Records —
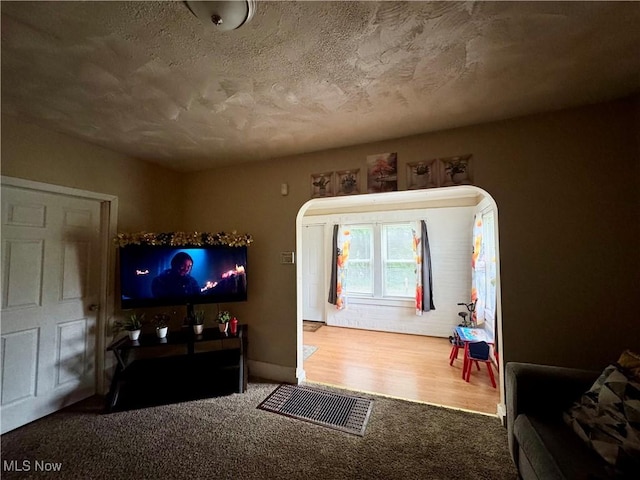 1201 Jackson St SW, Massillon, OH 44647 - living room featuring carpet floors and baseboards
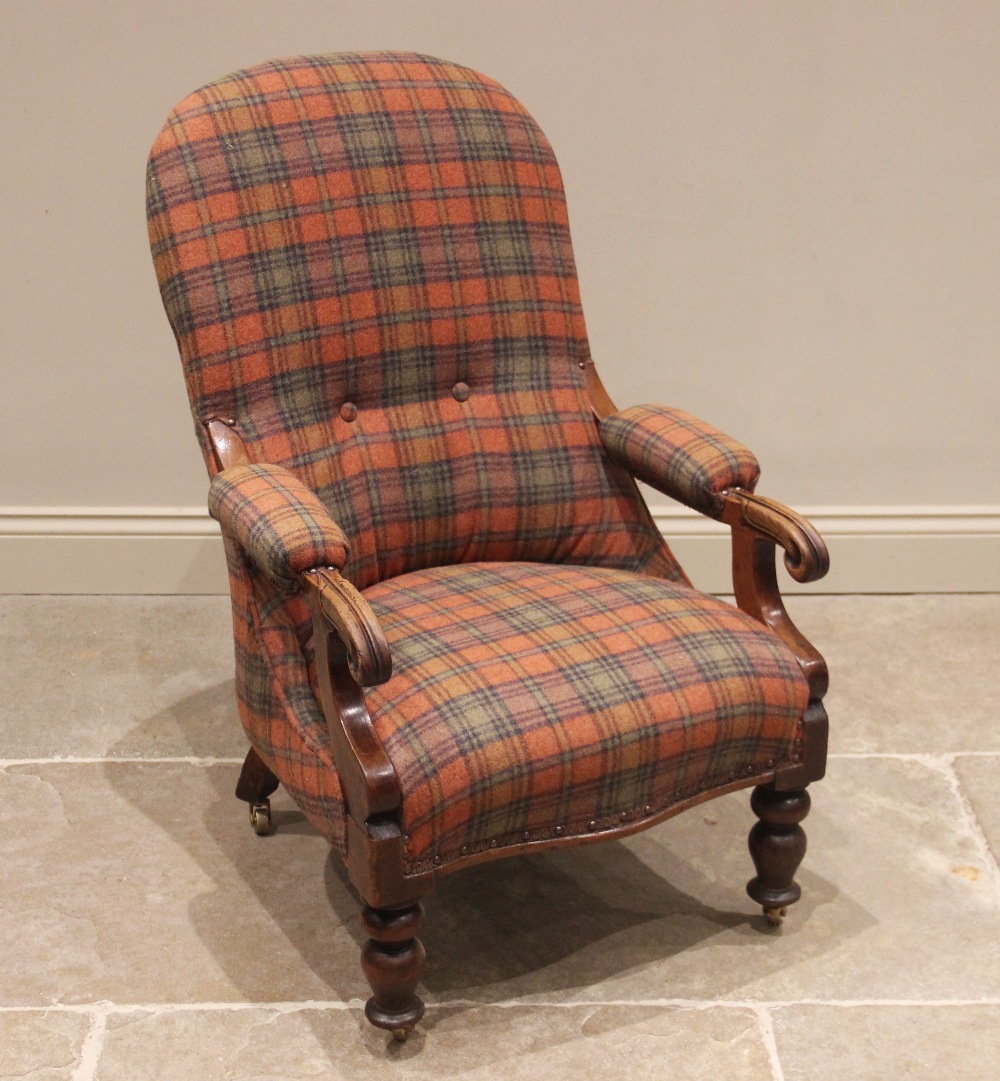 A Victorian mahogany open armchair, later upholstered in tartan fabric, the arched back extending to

--

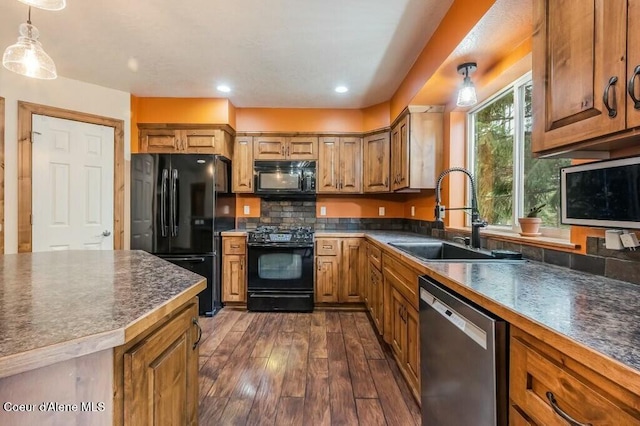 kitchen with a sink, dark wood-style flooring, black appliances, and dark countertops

==

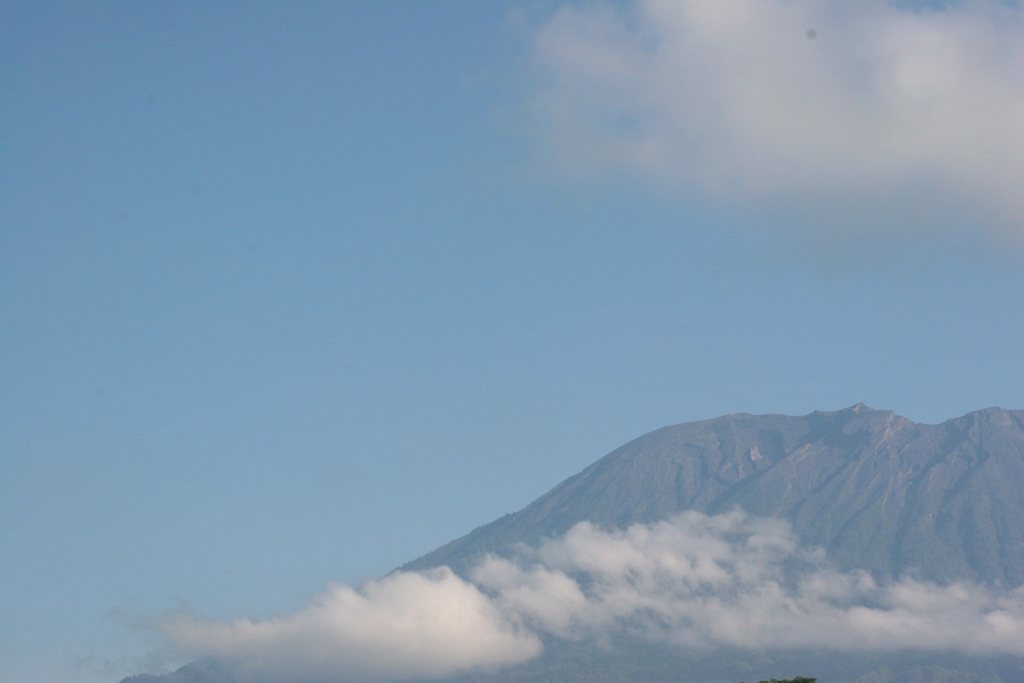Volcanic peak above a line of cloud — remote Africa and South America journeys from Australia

Task goal — Pictures excluded, reproduce only the part above that opens with the line holding "1201 Jackson St" and closes with the line holding "A Victorian mahogany", exactly as written.

Solution —
 1201 Jackson St SW, Massillon, OH 44647 - living room featuring carpet floors and baseboards
 A Victorian mahogany open armchair, later upholstered in tartan fabric, the arched back extending to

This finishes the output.